RISD exhibit features works from Asian/American, Pacific Islander/American artists

“He remembers those vanished years. As though looking through a dusty windowpane, the past is something he could see, but not touch. And everything he sees is blurred and indistinct.” This quote from the 2000 film “In the Mood for Love” by director Wong Kar-wai serves as a common thread in the latest exhibition of the same name, which opened at the Rhode Island School of Design Gelman Student Exhibitions Gallery Nov. 29. As if sweeping the dust off the windowpanes, curators of the exhibition, RISD seniors Christine Cho, Emi Chun and Zak Nguyen, presented a show that featured works by Asian/American and Pacific Islander/American identifying artists, which shed light on the collective memories of their multiple identities.
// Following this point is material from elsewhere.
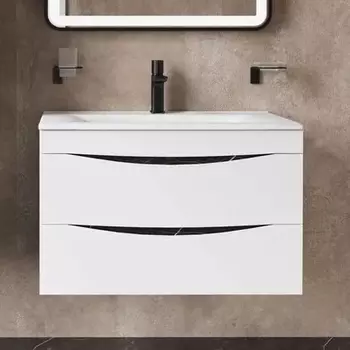 Тумба для комплекта Iddis Cloud 80 подвесная, белая, черный мрамор CLO80B0i95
Growing up with varying backgrounds, the curators recognized the diversity within Asian populations. They further acknowledged the “carelessness” of the term “pan-Asia,” Cho said. Nguyen said that the show is not solely about Asian identity, but also “how that interacts with other identities.”


When selecting art for the show, the curators sought to include a wide spectrum of artists. “Someone who is queer and Asian has an equally important voice as somebody who is disabled and Asian or someone who was adopted,” Nguyen said.
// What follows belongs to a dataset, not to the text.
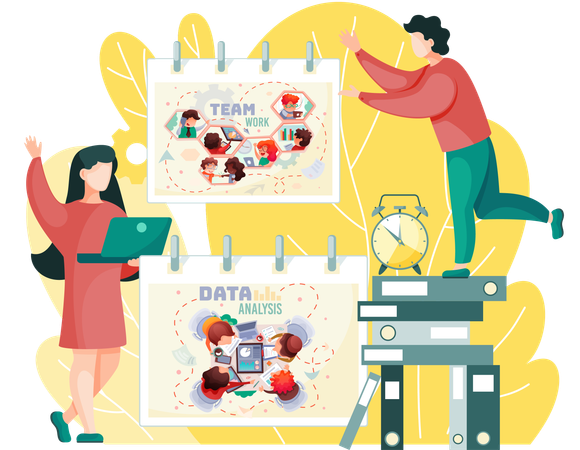 Hombre de negocios presenta trabajo en equipo  Ilustración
As co-presidents of the RISD Asian Intersection + Diaspora, the three curators purposed the exhibition as a representation of their existences that have otherwise been “flattened” by the surrounding spaces, Chun said. In an effort to highlight the varying ways Asian identity is experienced, Chun said that their intent was to provide “a space within those intersections to exist,” and to “find that moment of safety in between all those intersections where we can have different conversations that are relevant to our existence here in RISD and the diaspora of living in this country.”


Although unique in their experiences and backgrounds, each artist generated work that converses with other exhibited work, Nguyen said. “One of the most important lines in our statement was the fact that even though the artists may not even know it, we’ve always been in conversation with each other in one way or another,” Chun said.


Among the featured pieces is an animation created by RISD senior Xiner Jiang, which depicts a woman whose features seem distorted and restructured with each change in frame. Right across from the video is a series of three photographs taken by Jono Cheong, also a RISD senior, featuring a cowboy with a powdered white face and red blush. Both works similarly challenge Western beauty standards.


When visiting the exhibition, there are “themes you begin to see … you can begin to notice overlaps,” Cho said.


Artists grappled with themes including conflicting standards of beauty and cis-heteronormativity, traversing of multiple realities, burdens of family expectations and renewed memory of intergenerational traumas. The conversations exchanged in the artworks “reaffirm that our experiences were real, not skewed by our insecurities,” Cho said. “We’re in a space where the artists are thinking similar ideas. It becomes a moment of collective memory.”


While providing a space that allows the artists’ voices to be expressed authentically, the curators acknowledged that the efforts of vocalizing Asian/American and Pacific Islander/American identities do not stop in the gallery. When talking about the inspiration behind choosing the title “In the Mood for Love,” Cho said that when she wascurating, she discovered “so many more rich connections and omens” between Wong Kar-wai’s film and the Asian/American community at RISD. “It is not enough just to have this show and benefit from it and move on. We have to really continue to challenge our community, not only thinking about what solidarity looks like within the Asian/AAPI community, but also with other (people of color),” she added.